STEEL WORKER: Try these pressure-packed games before your next round and watch your on-course nerves fade away.
Against a friend or in two-man teams, play three "holes" from just off the practice green. Start with your ball behind an unusual obstacle, like a beer cooler or golf cart. Lowest score wins.
THE BENEFIT: Fannin says it trains you to not only accept adversity, which is part of golf, but to see it as an "opportunity for heroism."
On the practice green, try to make four straight five-footers, each on a different hole; as you go, imagine that each putt is to win the Masters, U.S. Open, British Open, and PGA. If you fail to "win" the British, back to Augusta you go. Play until you win the Slam.

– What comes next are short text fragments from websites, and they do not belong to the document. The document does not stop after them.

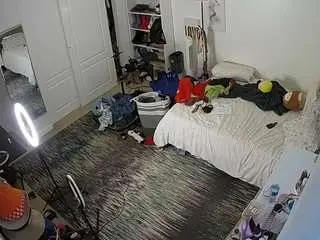 Voyeurcam-hornyhostel-02  live sex cam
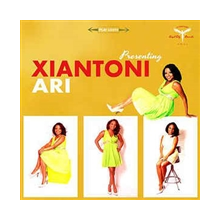 Ari, Xiantoni - Presenting Xiantoni Ari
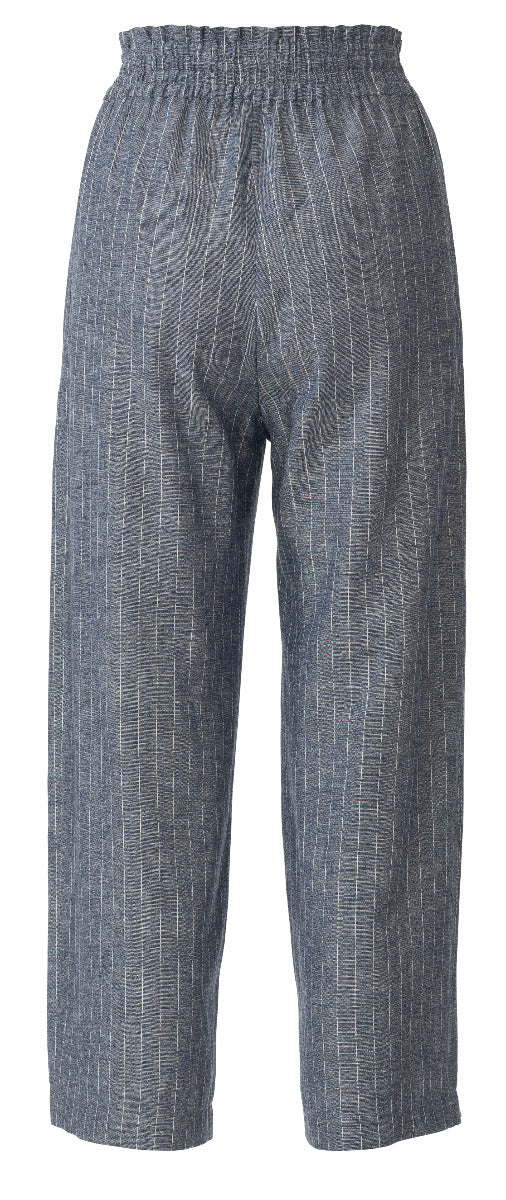 Schnittmuster Burda 6229 Hose - Ribes y Casals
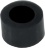 TUBE SILICONE 10x6x6 HIGH TEMPERATURES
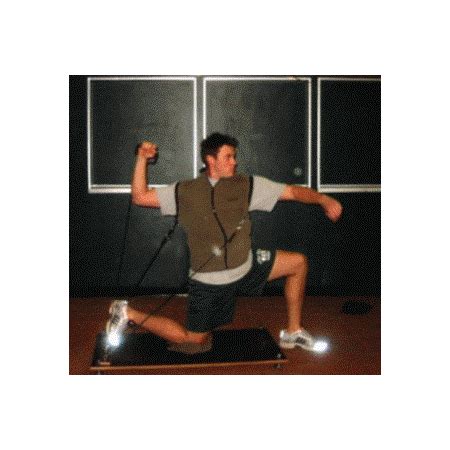 ET Training Systems, dForce Trainer Products & Sport-Specific Training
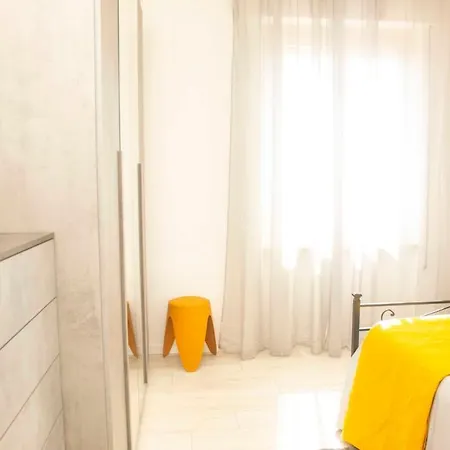 Appartement Dimora Degli Angeli Your Cozy In *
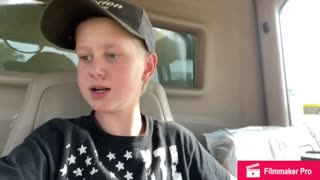 You Can't Drive
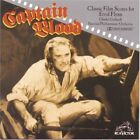 Classic Film Scores for Errol - Capta... - Classic Film Scores for Errol CD MCVG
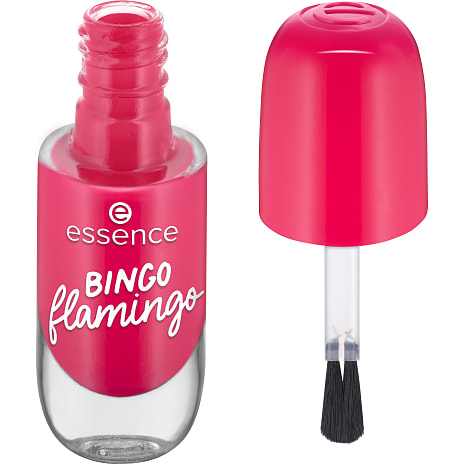Neglelak 13 Bingo Flamingo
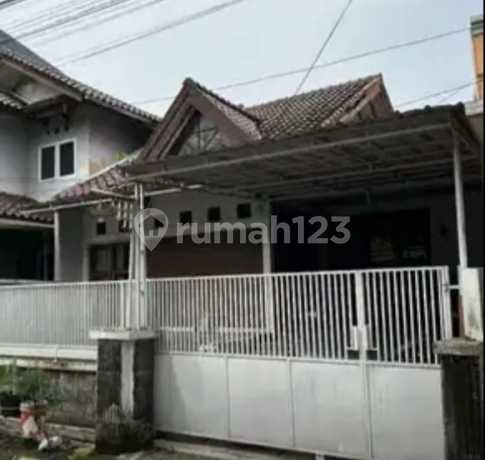 Dijual Rumah Di Komplek Cipta Graha – Gunung Batu, Bandung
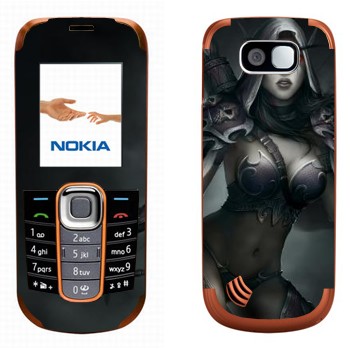   « - Dota 2»   Nokia 2600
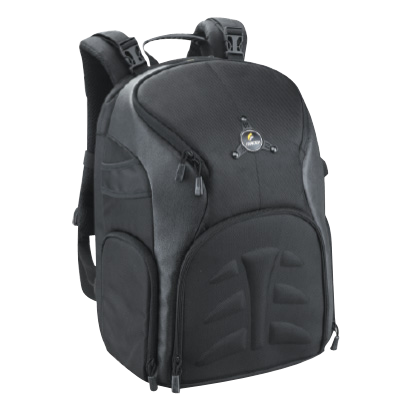 Fancier 9044 King Kong XLarge Pro Camera Backpack DSLR 3 Lens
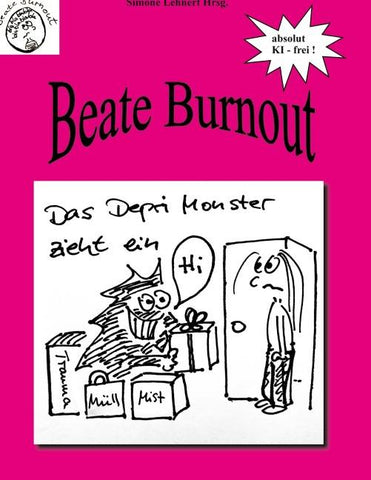 Beate Burnout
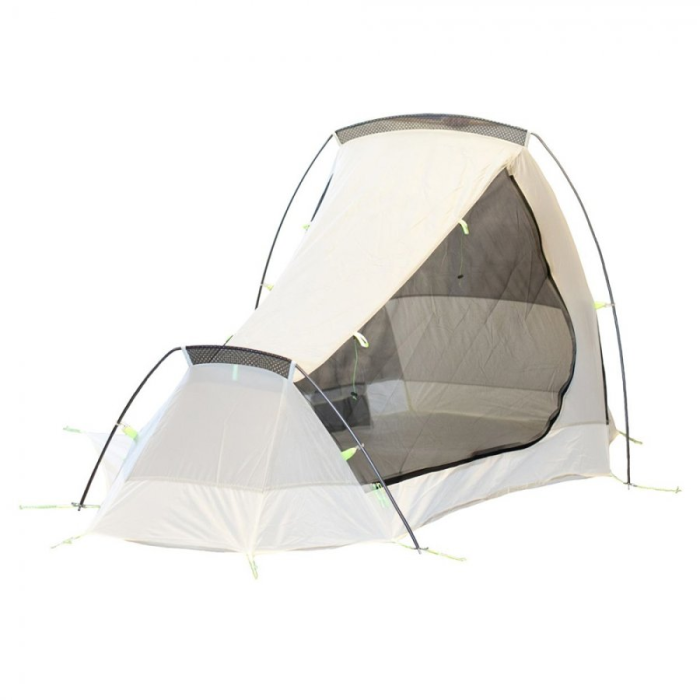 Tramp палатка Air 1 Si (dark green)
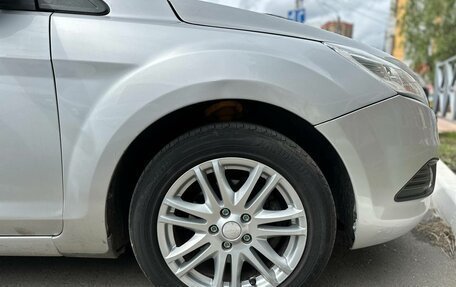 Ford Focus II рестайлинг, 2008 год, 510 000 рублей, 4 фотография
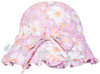 Toshi Baby Bell Hat Dahlia - Medium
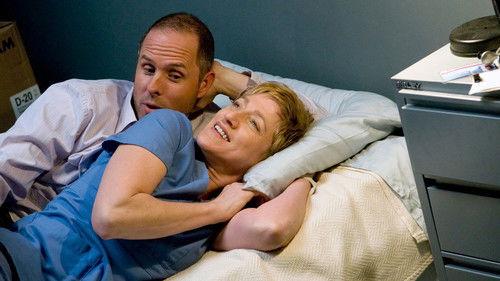 Nurse Jackie Season 1 Episode 9 - Nose Bleed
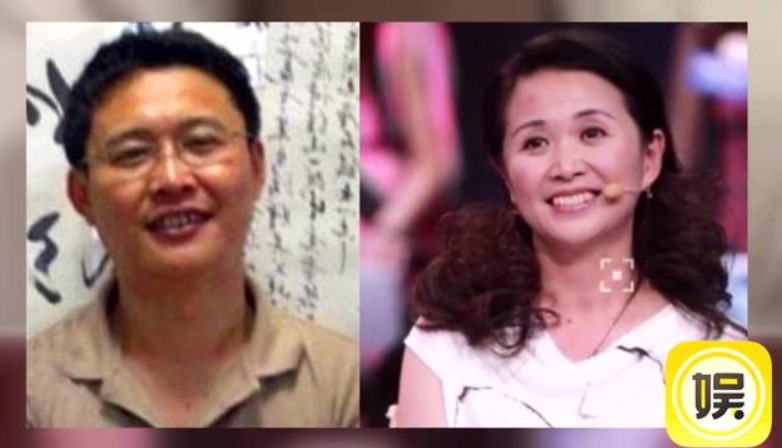 回顾"非诚勿扰"黄菡:嫁初恋同学,恩爱31年无绯闻女儿比她漂亮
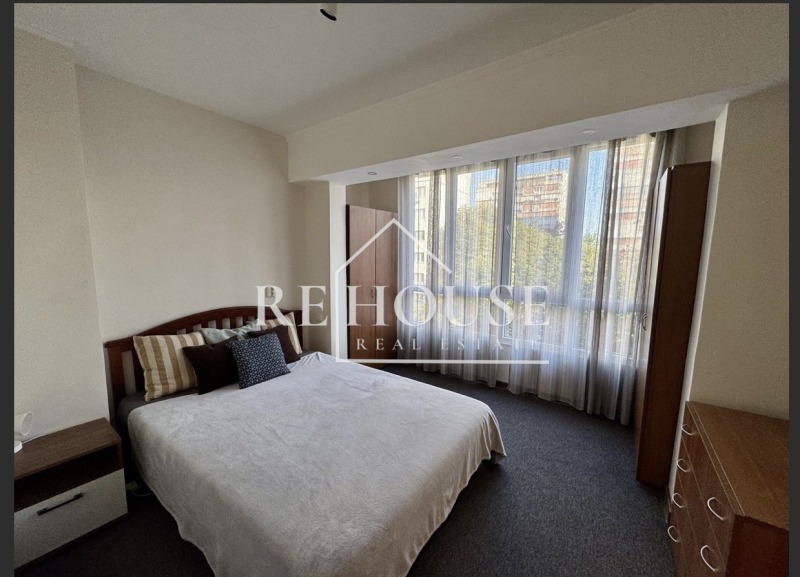 Kiadó  1 hálószoba Varna , Csajka , 50 négyzetméter | 54519210 - kép [7]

THE BENEFIT: "This taps into what's called 'situational imagery,'" Fannin says. "Champions visualize doing great things before doing them."
MOMENT OF TRUTH
On the range, give yourself a clear task -- say, hitting drives between two flags, or landing wedge shots on a green. If you hit your target, that's a "birdie" (1-under); if you miss, it's a bogey (1-over). Play until you win (reach 5-under) or lose (5-over).
THE BENEFIT: This gets you aiming at targets, not hazards, Fannin says, and calibrates your mind to deliver in the clutch. "Stress can either choke you to death or lift you up. This game turns you into a pressure player."